Give all of the listing again word for word, with images excluded.

- _GIVEN INFORMATION_:
============================================================

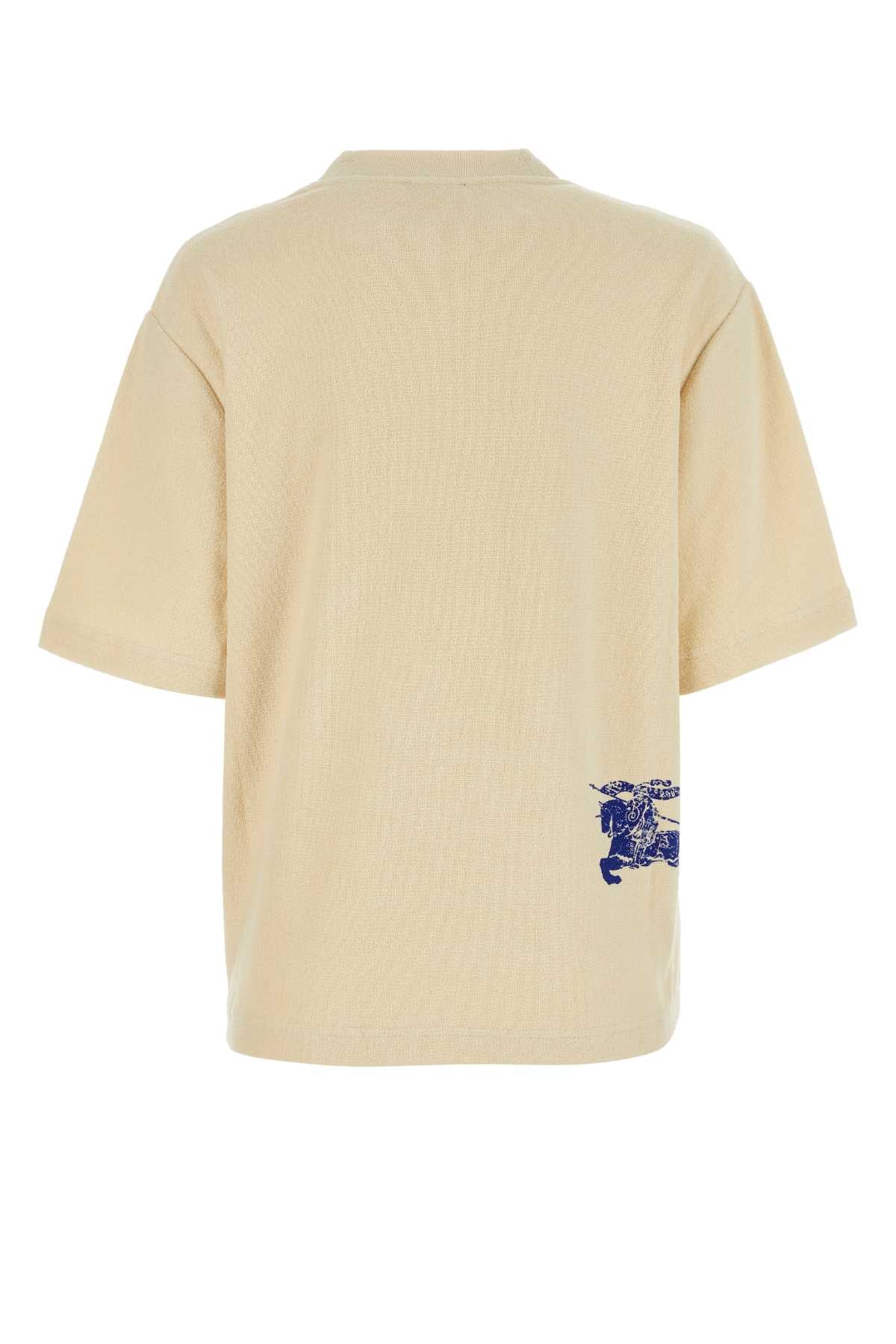 Burberry Women Cream Terry Fabric Oversize T-Shirt BURBERRY
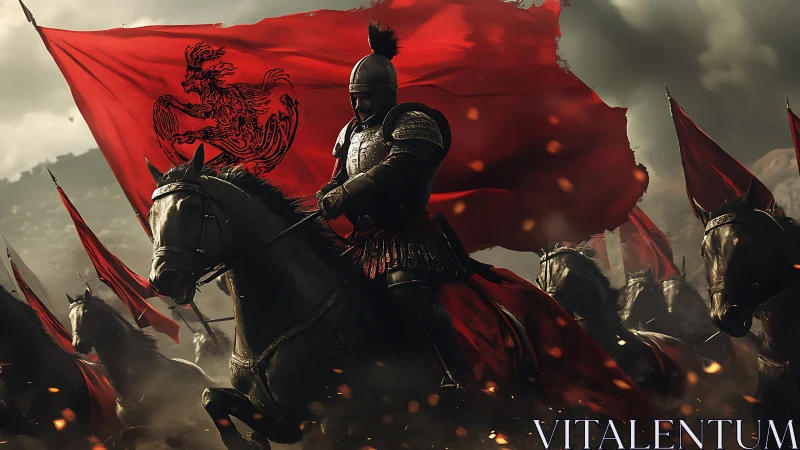 Gallant armored riders charging beneath blazing red banners.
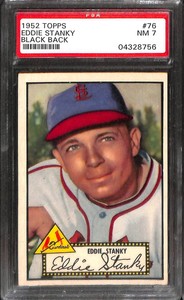 1952 Topps #76 Eddie Stanky (Black Back) PSA 7 04328756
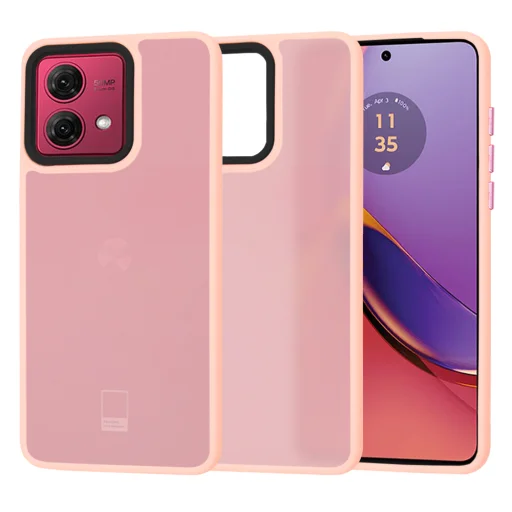  Techsuit - HaloFrost Széria - Motorola Moto G84 - Rózsaszín tok - 1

============================================================

- _EXERCISE OUTPUT_:
 Burberry Women Cream Terry Fabric Oversize T-Shirt BURBERRY
 Gallant armored riders charging beneath blazing red banners.
 1952 Topps #76 Eddie Stanky (Black Back) PSA 7 04328756
  Techsuit - HaloFrost Széria - Motorola Moto G84 - Rózsaszín tok - 1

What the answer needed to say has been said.